Dataset:
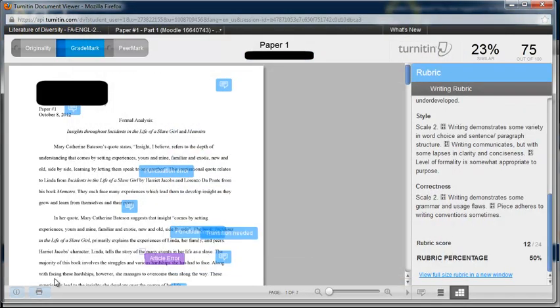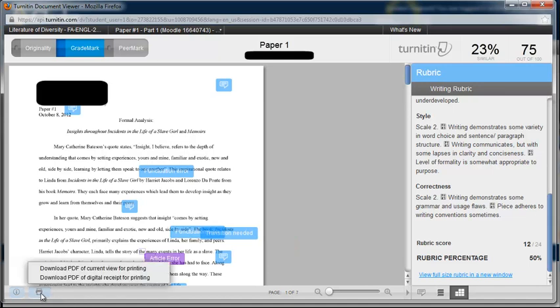You can also download your paper and print it as a PDF with all of the grammar comments.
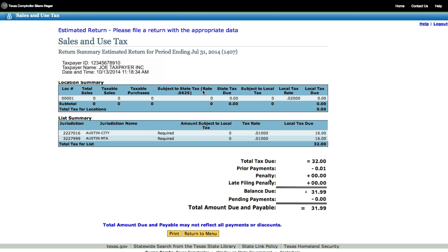Then you'll see this. This is the Return Summary page. It provides a summary of the specific report you selected. The total amount due and payable may not reflect all discounts. You can go back by selecting Return to Menu.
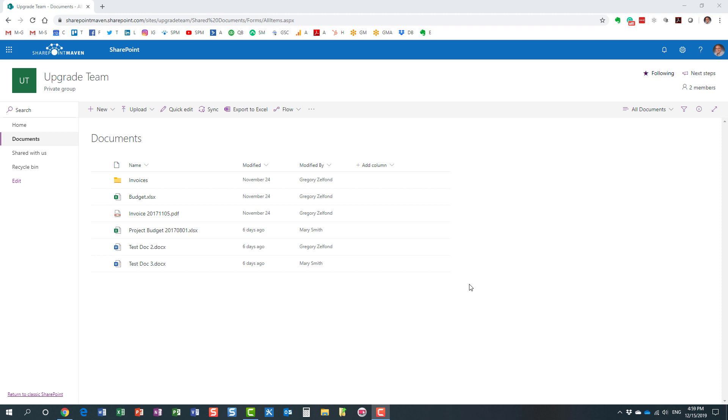Hello, this is Greg from SharePoint Maven, and today I would like to explain to you how you can restore a document library in SharePoint.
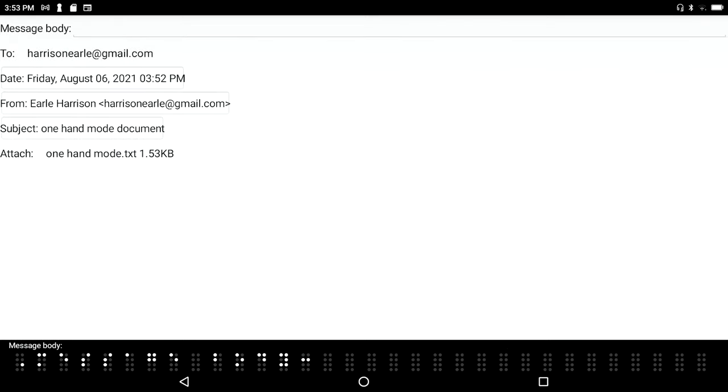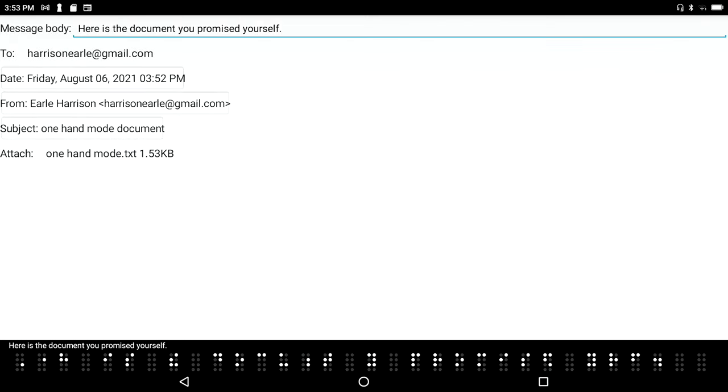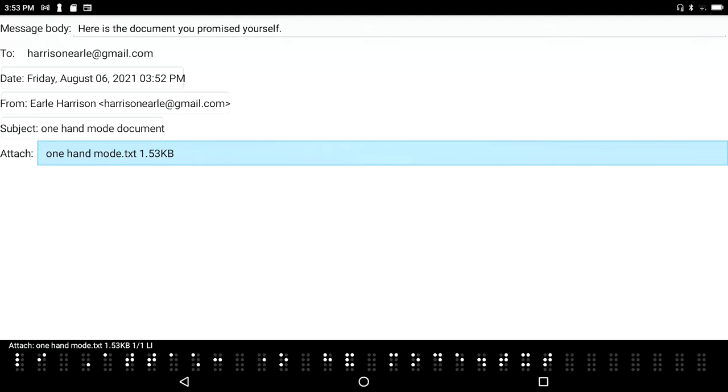Message body: 'Here is the document you promised yourself.' I'm going to press space tab, so space with F3. 'Attach one hand mode.txt 1.53 kilobytes'. There's my file attachment.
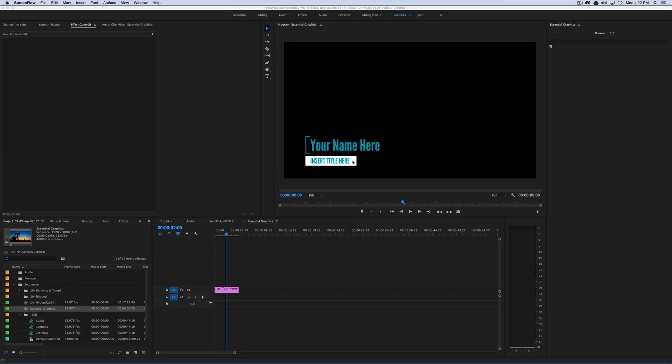Hey, this is Josh for Retool.net. In the last video we had an introduction into what's new in Premiere Pro, the April 2017 version. In this video, we hope to go into more detail about the new Essential Graphics panel and the workflow between Premiere Pro and After Effects. We tried to combine those two videos but it became too long, so for those curious about how the workflow works, how to import, export, and what kind of controls you could bring over from After Effects, this is the video for you.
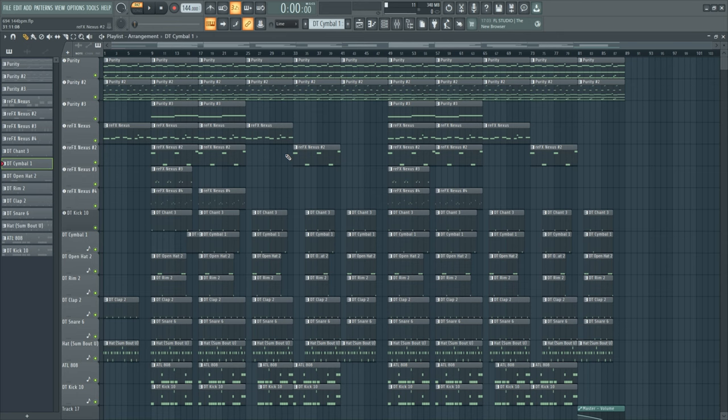Yo, what's up guys? Today I'm going to show you how to make evil plug beats for Slimecito. Let's get into it.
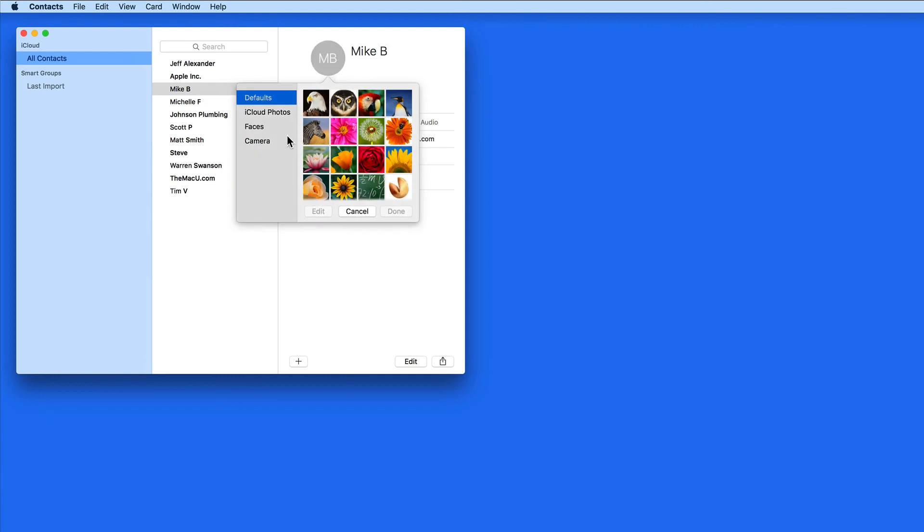I can choose from a set of default photos from Apple, select one stored on iCloud, select one from my Faces collection in Photos, or take a new photo with my Mac's camera.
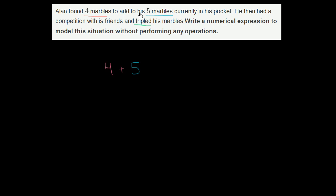So that's what happens after the first sentence. He found four marbles to add to his five marbles currently in his pocket, then had a competition with his friends and tripled his marbles.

What is required: In the data above, find the line containing "Hello, this is" and the line containing "Hey, this is". Repeat those two lines and everything between them exactly, minus the pictures.

Exercise answer:
Hello, this is Greg from SharePoint Maven, and today I would like to explain to you how you can restore a document library in SharePoint.
Message body: 'Here is the document you promised yourself.' I'm going to press space tab, so space with F3. 'Attach one hand mode.txt 1.53 kilobytes'. There's my file attachment.
Hey, this is Josh for Retool.net. In the last video we had an introduction into what's new in Premiere Pro, the April 2017 version. In this video, we hope to go into more detail about the new Essential Graphics panel and the workflow between Premiere Pro and After Effects. We tried to combine those two videos but it became too long, so for those curious about how the workflow works, how to import, export, and what kind of controls you could bring over from After Effects, this is the video for you.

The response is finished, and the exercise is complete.